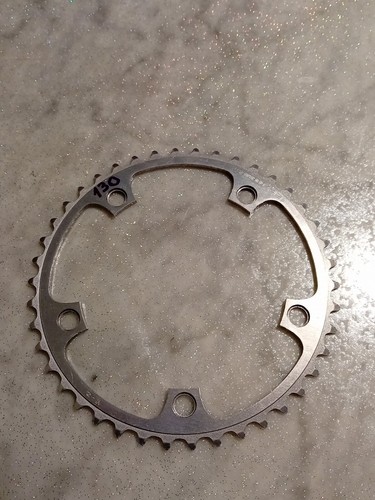 Shimano dura ace corona t - shimano, 42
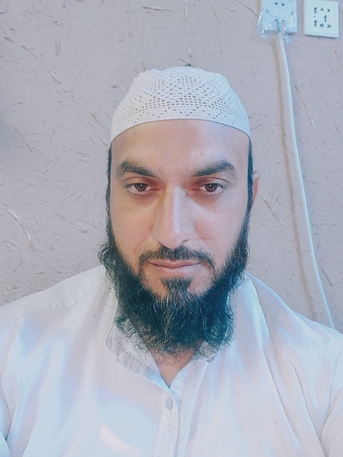 Jeddah, Jobs, Heavy Equipment Opretor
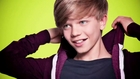 Ronan Parke : ronan-parke-1315332423.jpg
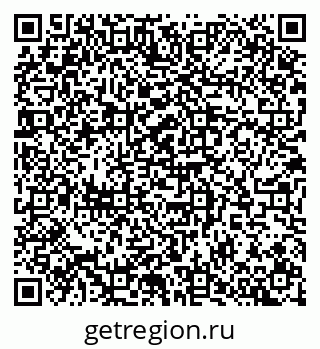 79100799188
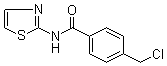 4-ȼ׻-n--2--Y(ji)(gu)ʽ_916791-23-6Y(ji)(gu)ʽ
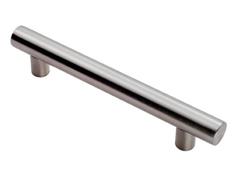 FTD4550 T-Bar Handle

○ ○ ○ ○ ○ ○ ○

## [Assignment]
Exclude all images and return the listing word for word.

## [Solution below]
 Shimano dura ace corona t - shimano, 42
 Jeddah, Jobs, Heavy Equipment Opretor
 Ronan Parke : ronan-parke-1315332423.jpg
 79100799188
 4-ȼ׻-n--2--Y(ji)(gu)ʽ_916791-23-6Y(ji)(gu)ʽ
 FTD4550 T-Bar Handle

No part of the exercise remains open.